One example of this can be found in metamorphic rocks.
This does not mean that all rock samples are unreliable, but it is possible to account for a process which throws off the data for metamorphic rocks.
For these reasons, if a rock strata contains zircon, running a uranium-lead test on a zircon sample will produce a radiometric dating result that is less dependent on the initial quantity problem.
There are a number of implausible assumptions involved in radiometric dating with respect to long time periods.
One key assumption is that the initial quantity of the parent element can be determined.
Any incoming negative charge would be deflected by the electron shell and any positive charge that penetrated the electron shells would be deflected by the positive charge of the nucleus itself. "Decay" simply refers to a meson or baryon becoming another type of particle, as the number of a certain type of particle goes down or decays as they are converted.
This can happen due to one of three forces or "interactions": strong, electromagnetic, and weak, in order of decreasing strength.
For example, a neutron-deficient nucleus may decay weakly by converting a proton in a neutron (to conserve its positive electric charge, it ejects a positron, as well as a neutrino to conserve the quantum lepton number); thus the hypothetical atom loses a proton and increments down the table by one element.
A complex set of rules describes the details of particle decays: historically, the finding of which as been a major objective of particle physics.
The second way that a nucleus could be disrupted is by particles striking it.

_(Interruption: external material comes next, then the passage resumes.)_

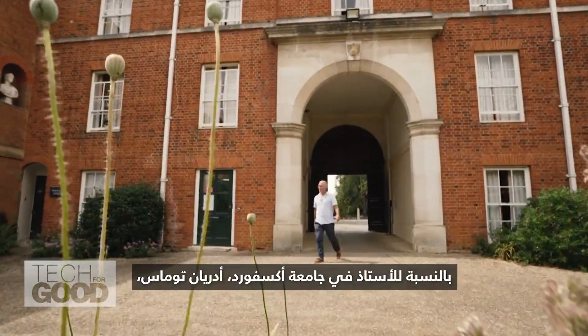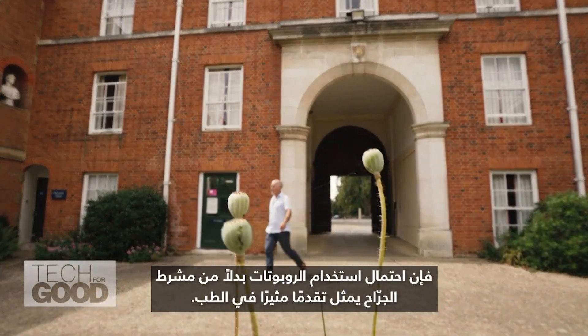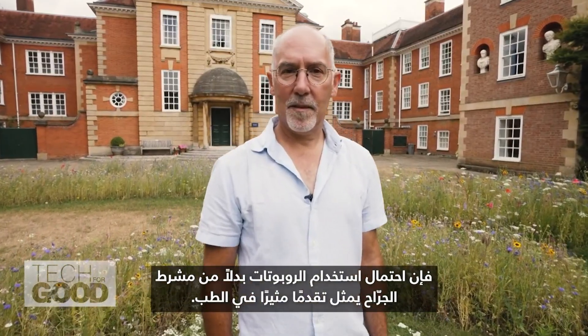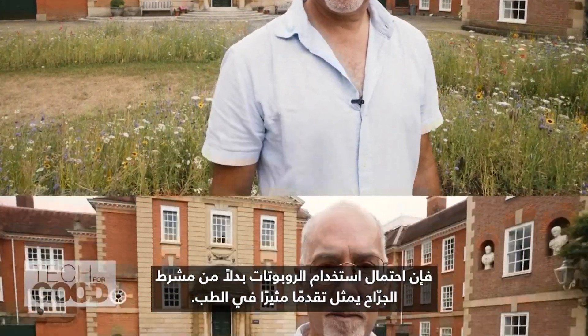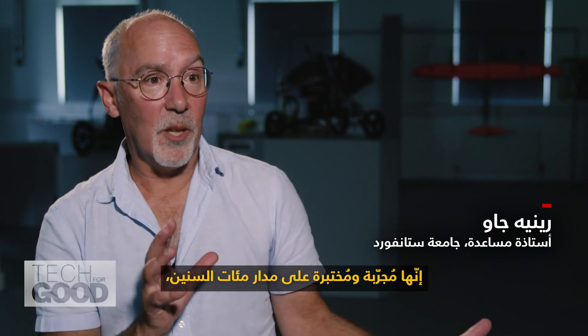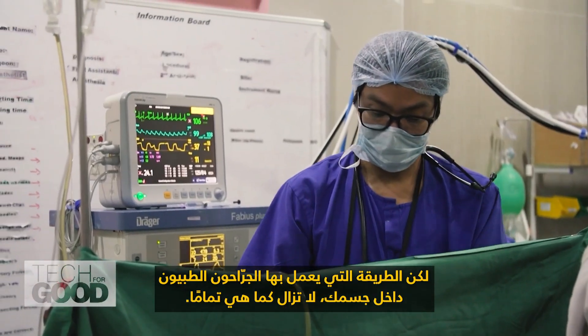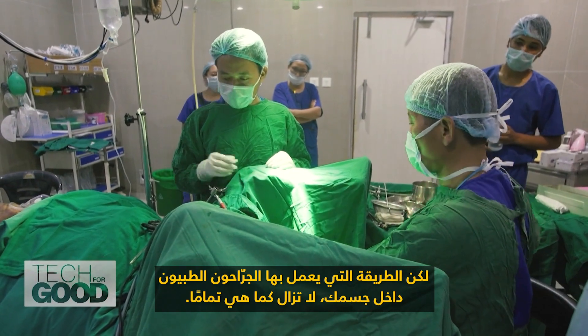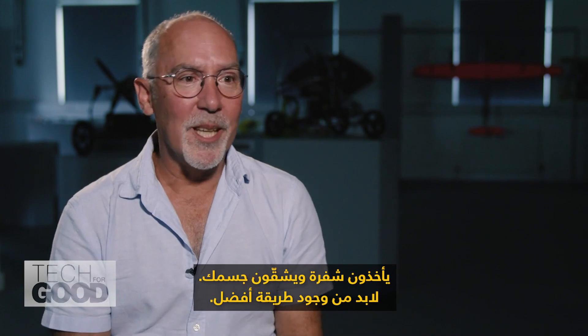For Oxford Professor Adrian Thomas, the prospect of using robots instead of a surgeon's scalpel is an exciting advancement in medicine. It's been tried and tested over hundreds of years, but the way that surgeons operate inside of your body is still exactly the same — they get a blade and they cut you open. There must be a better way.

However, the nucleus has a strong positive charge and the electron shells have a strong negative charge. Those that can decay are mesons and baryons, which include protons and neutrons; although decays can involve other particles such as photons, electrons, positrons, and neutrinos.
This interpretation unfortunately fails to consider observed energetic interactions, including that of the strong force, which is stronger the electromagnetic force.
It is important that the sample not have had any outside influences.
Radiometric dating is a method of determining the age of an artifact by assuming that on average decay rates have been constant (see below for the flaws in that assumption) and measuring the amount of radioactive decay that has occurred.